We Called it Emptiness
Did he smile? Andy turned his head, and I couldn’t tell. He said the towers were too hollow. Too hollow and industrial to be anything other than what they were.
We both got quiet, and the silence that followed was uneasy. The wires droned as we passed them, and I remembered Bill describing the sound like metal cicadas.
I wondered when it would become familiar. When the buzz of the wire would fade into the everyday noises we’d grown used to and be no more remarkable than the wind’s low
whistle, the scrape of cotton.
We drew closer. Andy set the camera bag on the road. He snapped more pictures. We looked at the towers, silent, still.
“They don’t even try,” I said.
“They don’t try to do what?” Andy picked up the camera bag. He looked over his shoulder, down the road.
“Fit the landscape.” I bit my lip. “Andy, they’re so big and bulky. They don’t look anything like the telephone poles.”
He looked at the telephone poles. After a moment, he said, “Those are much smaller. And made of wood.”
“You hardly notice them.”
“You have to notice the lattice towers.”
“No way around it.”
We didn’t say anything then, we just listened to the wires. I wiped
my forehead with the back of my hand. Nothing moved, and I could’ve ridden my bike north toward Adobe Walls, toward Oklahoma and there’d be no wind to pull at my shoulders, push me back.
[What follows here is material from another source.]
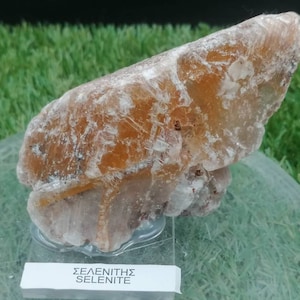 Greek Selenite Mineral with Iron Oxidation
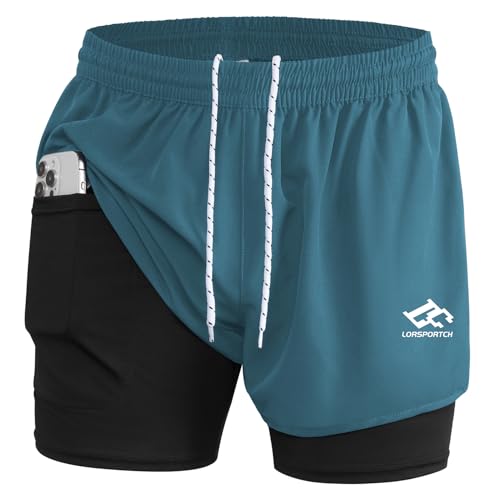 LORSPORTCH Herren Laufshorts 2 in 1 Shorts Gym Athletic Shorts Outdoor...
How many times had I said I hated wind? Hated biking against the wall it made on my way home, the gusts that shook my frame. I’d called it every kind of name.
I wasn’t sure I liked the stillness better. Without wind nothing moved. What was it the old ranchers said? “We called it emptiness only after the lattice towers came.”
Andy said he had enough photographs, and we turned back. “You know,” he said after awhile. “I think it’s arrogant putting the towers up like this.” Andy told me they could have built the lines with different towers, with monopoles that tried to blend into the cotton fields, the mesquite trees, but they didn’t. They could have, but they didn’t.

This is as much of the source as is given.